A las 3 de la tarde reabrieron la escuela. El sospechoso no era sospechoso. No estaba armado. No era un desconocido siquiera: era un alumno del centro al que alguien, vaya usted a saber por qué, identificó como sospechoso de algo.
Yo nunca he estudiado en un sitio que interrumpe sus clases por una amenaza de atentado, pero no lo necesito para saber algo claramente: ¿qué cerebro escolar vuelve a concentrarse en las materias académicas luego de sentir sirenas de policía, alarmas estridentes de emergencia, lánzate al suelo, no hables, no respires, cierren con llave todas las puertas de metal?
Cuando alguien se pregunte por qué el 25% de los adultos estadounidenses no leyó un solo libro, ni uno, en ningún formato, durante el último año -según un estudio recién publicador por Pew Research Institute-; o por qué la primera potencia mundial palidece en un número 14 entre los sistemas educacionales del mundo según la Organización para la Cooperación Económica y el Desarrollo (OECD), por detrás de naciones como Nueva Zelanda, Islandia o Estonia, habrá que rastrear, de entrada, en qué cosa es el día a día hoy de un centro educacional en el país para comprender la magnitud de esta tragedia escolar y emocional que sufren nuestros niños.
¿Qué dice de una nación emborrachada de armas, proyectiles, enmiendas justificadoras, fusiles de asalto, muerte, el hecho de que el simple deambular de un estudiante por las áreas verdes de su propia escuela dispare semejante operativo policial como el de este jueves en la Blanche Ely, con el consabido gasto de las arcas públicas para tanta parafernalia de seguridad?

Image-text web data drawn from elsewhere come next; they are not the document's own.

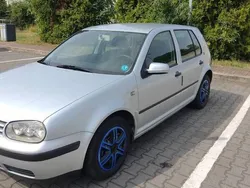 Srebrny Używany 2001 VW Golf IV Hatchback | 5700 zł (Dość drogi)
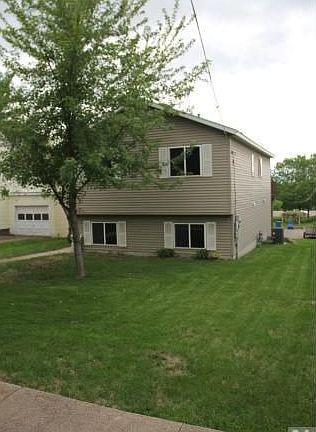 2nd image of 717 2nd Ave N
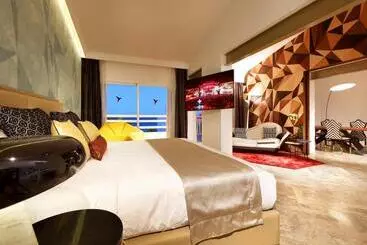 Ushuaïa Ibiza Beach Hotel - Adults Only - Playa d'en Bossa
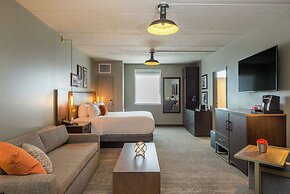 Hotel Saranac Curio Collection By Hilton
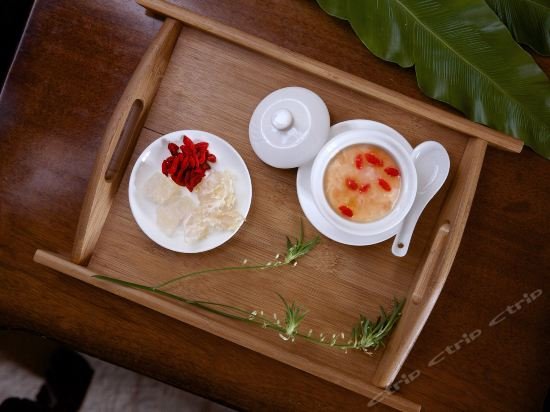 Фото The First World Hotel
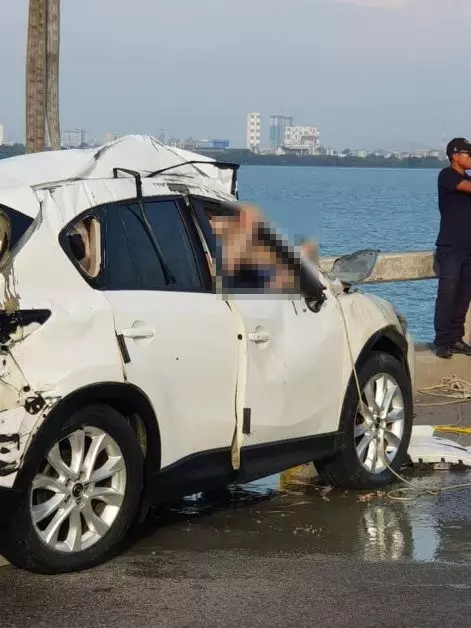休旅車遭撞墜海 駕駛繫安全帶想逃卻慘死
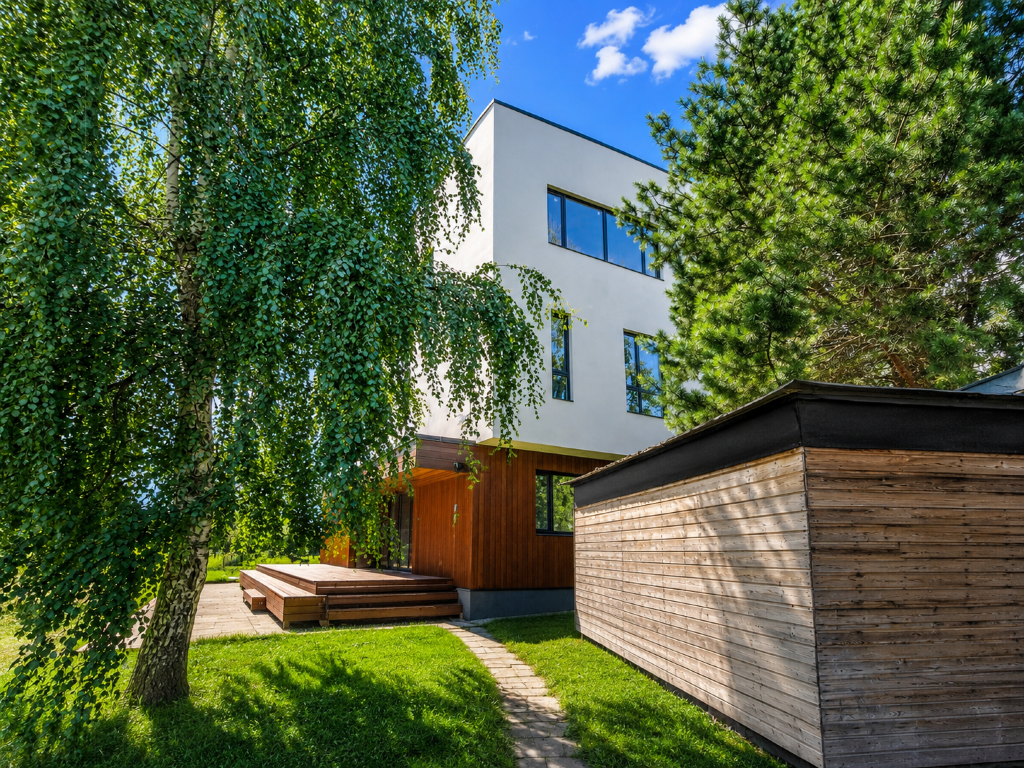 3-этажный коттедж 560 м² без отделки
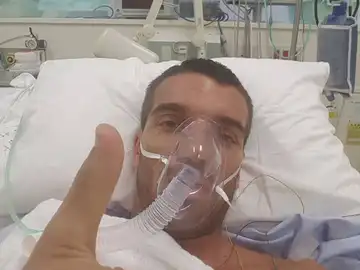 Gesto tranquilizador de De Angelis Gesto tranquilizador de De Angelis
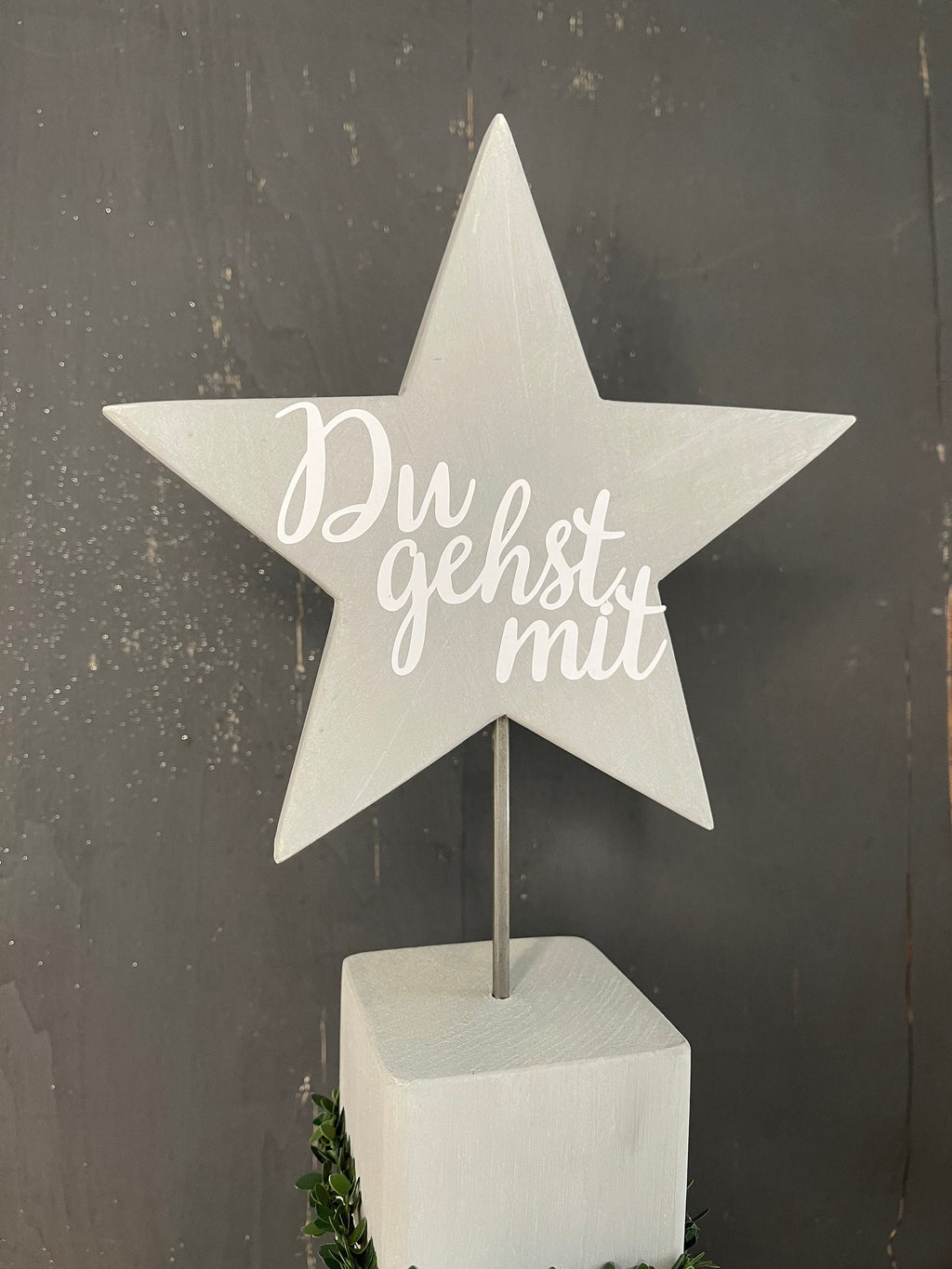 Deko Stele Set zur Taufe, Kommunion & Konfirmation - Komplett mit Kranz & Lichterkette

No dice: grita. Y grita con voz de insulto y vergüenza. Dice que muy jodida anda el alma de una nación donde los padres deben pensárselo cada día más para dejar a sus chicos en la escuela: ese beso de hasta más tarde puede ser el beso de hasta más nunca.
Nuestros hijos, nuestros hermanos, nuestros vecinos adolescentes se están muriendo en las escuelas. Ya no hace falta enumerar nombres fatídicos de escuelas fatídicas, ya no hace falta mencionar episodios de sangre marcados en nuestro calendario nacional: ¡son demasiados! Las efemérides lo son porque son pocas, pero si cada día del almanaque conmemora algo la festividad pierde su esencia. Es lo mismo con las masacres escolares americanas: son tantas que dejamos de conmemorarlas. Y eso es una aberración inexplicable.

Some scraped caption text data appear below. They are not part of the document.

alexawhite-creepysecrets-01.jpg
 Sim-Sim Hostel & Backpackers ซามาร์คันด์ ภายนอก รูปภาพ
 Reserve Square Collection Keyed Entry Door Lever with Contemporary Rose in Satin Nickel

¿Qué dice de una nación emborrachada de armas, proyectiles, enmiendas justificadoras, fusiles de asalto, muerte, el hecho de que el simple deambular de un estudiante por las áreas verdes de su propia escuela dispare semejante operativo policial como el de este jueves en la Blanche Ely, con el consabido gasto de las arcas públicas para tanta parafernalia de seguridad?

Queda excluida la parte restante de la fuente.